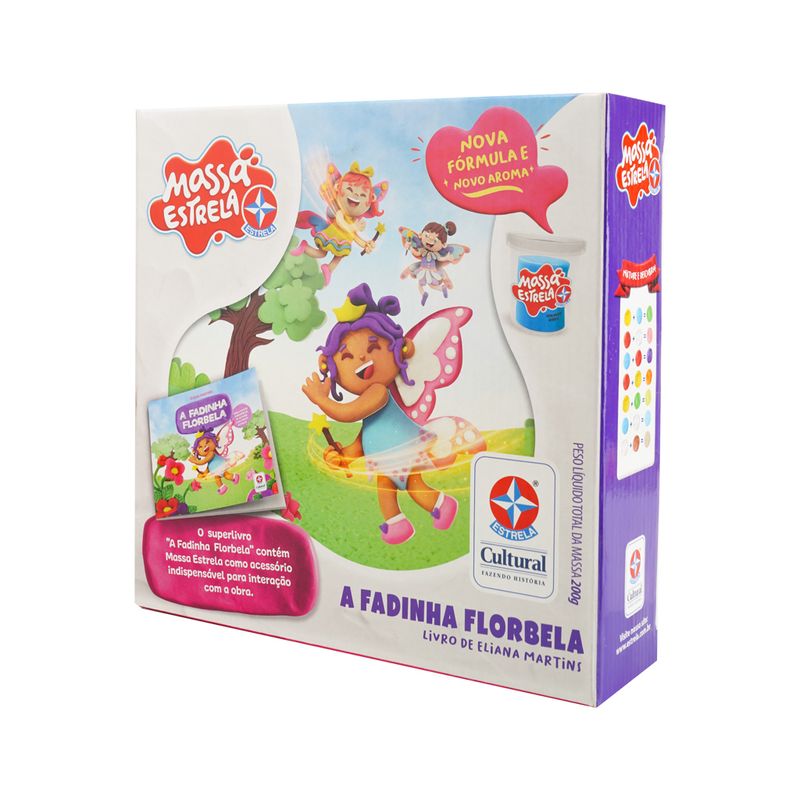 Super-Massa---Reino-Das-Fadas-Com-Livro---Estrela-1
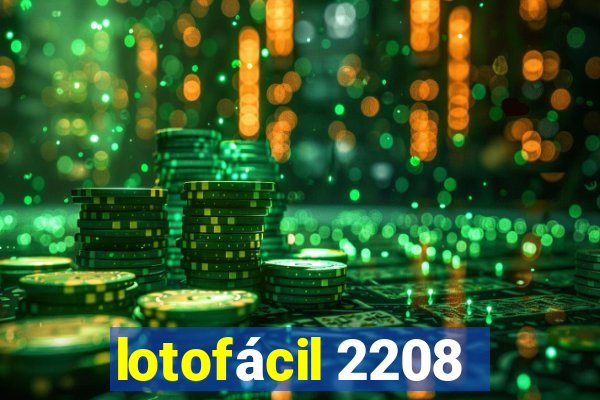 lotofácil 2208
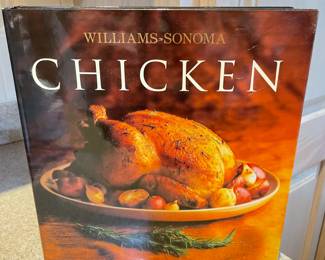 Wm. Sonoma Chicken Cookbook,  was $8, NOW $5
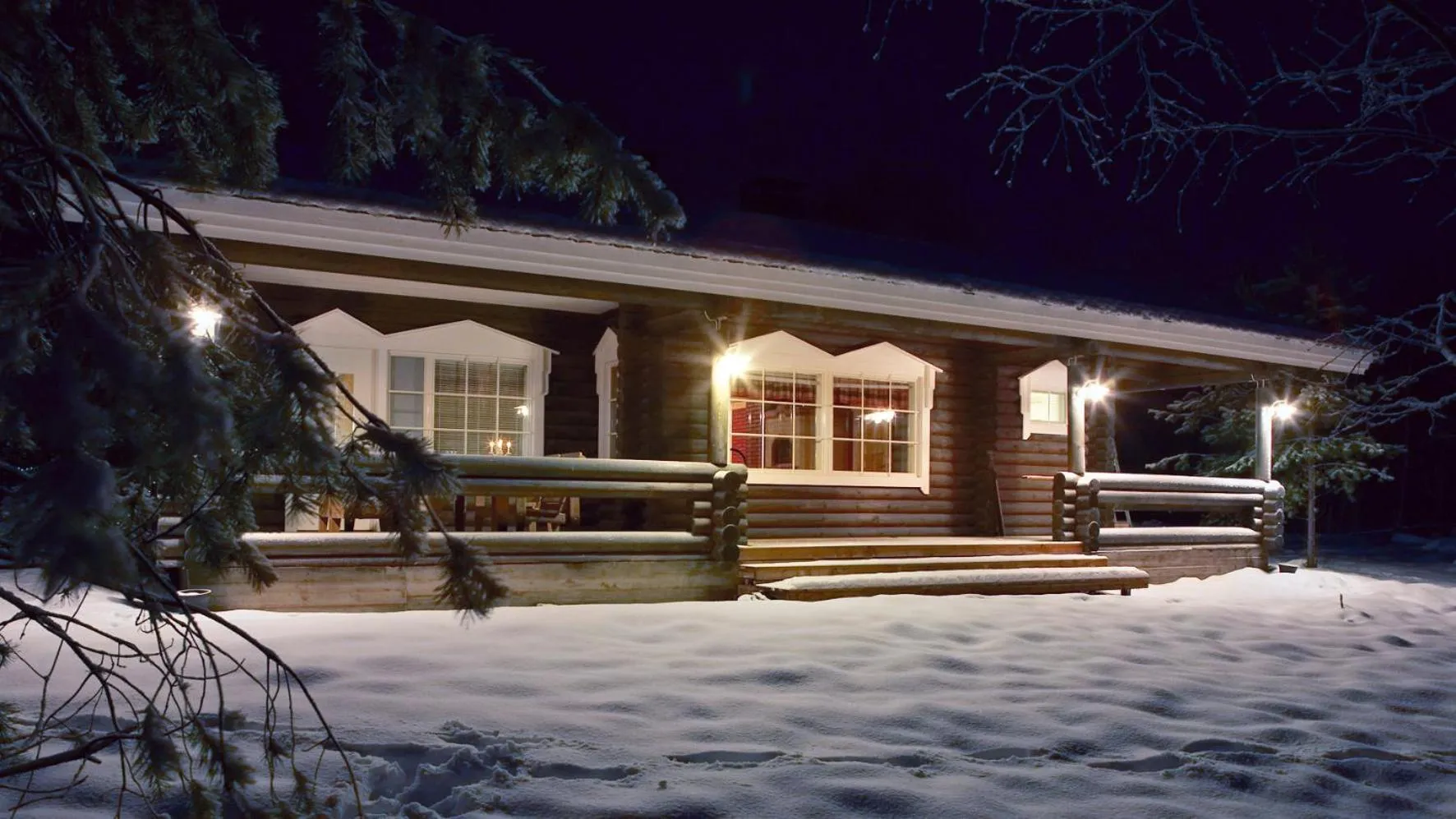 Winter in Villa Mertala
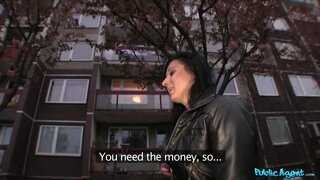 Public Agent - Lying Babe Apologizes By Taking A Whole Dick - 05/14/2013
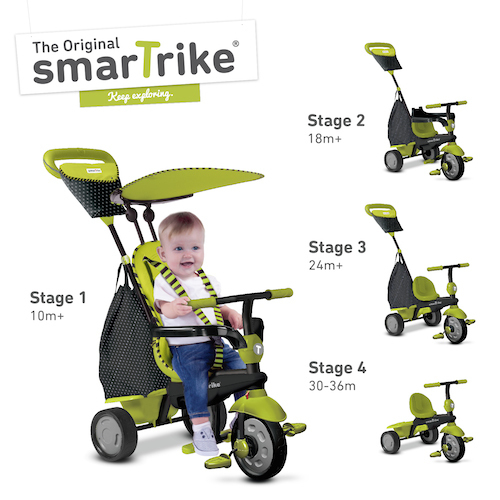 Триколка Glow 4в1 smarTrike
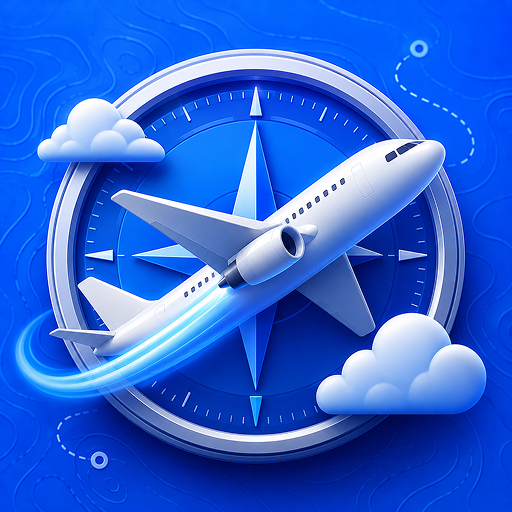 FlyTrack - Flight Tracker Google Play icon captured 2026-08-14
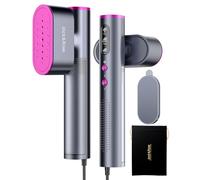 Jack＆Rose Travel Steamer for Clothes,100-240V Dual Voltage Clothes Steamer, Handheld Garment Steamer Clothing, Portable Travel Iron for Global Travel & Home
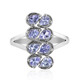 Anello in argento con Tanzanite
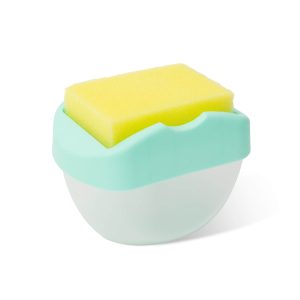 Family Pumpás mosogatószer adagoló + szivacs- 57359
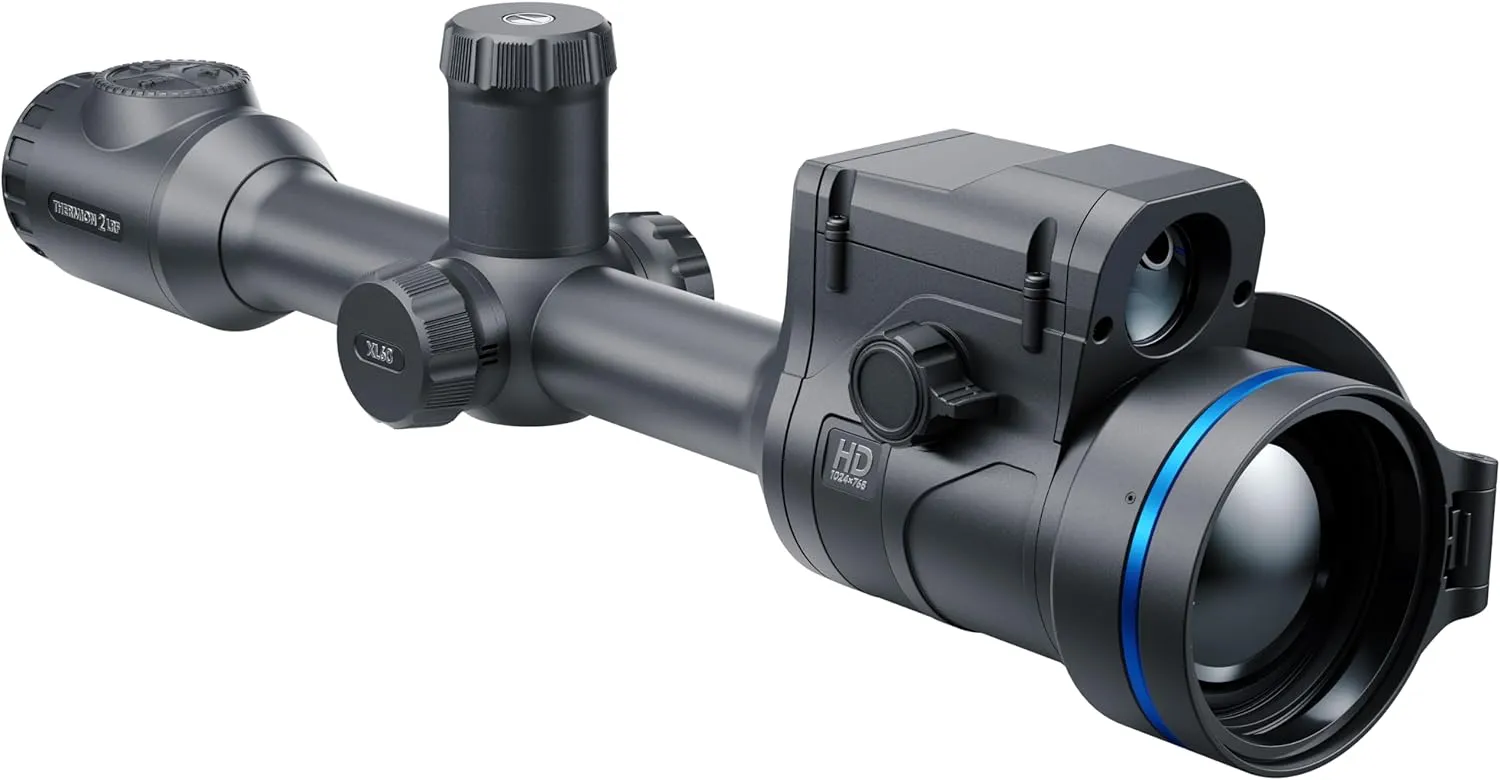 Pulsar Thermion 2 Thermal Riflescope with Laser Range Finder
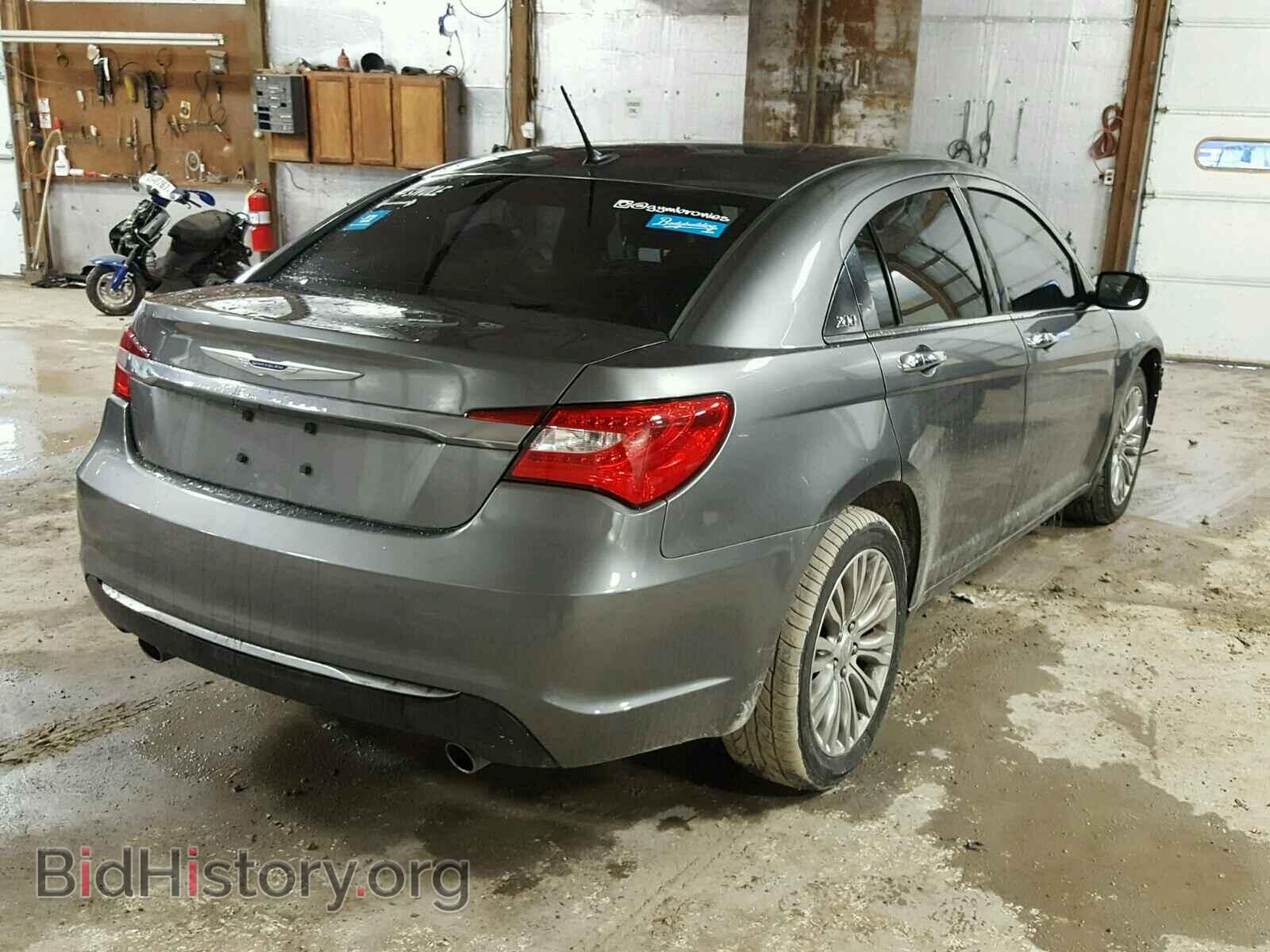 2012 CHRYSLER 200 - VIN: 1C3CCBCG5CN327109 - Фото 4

§ Exercise: Copy out the listing above in full and keep the pictures out.

§ Final answer:
 Super-Massa---Reino-Das-Fadas-Com-Livro---Estrela-1
 lotofácil 2208
 Wm. Sonoma Chicken Cookbook,  was $8, NOW $5
 Winter in Villa Mertala
 Public Agent - Lying Babe Apologizes By Taking A Whole Dick - 05/14/2013
 Триколка Glow 4в1 smarTrike
 FlyTrack - Flight Tracker Google Play icon captured 2026-08-14
 Jack＆Rose Travel Steamer for Clothes,100-240V Dual Voltage Clothes Steamer, Handheld Garment Steamer Clothing, Portable Travel Iron for Global Travel & Home
 Anello in argento con Tanzanite
 Family Pumpás mosogatószer adagoló + szivacs- 57359
 Pulsar Thermion 2 Thermal Riflescope with Laser Range Finder
 2012 CHRYSLER 200 - VIN: 1C3CCBCG5CN327109 - Фото 4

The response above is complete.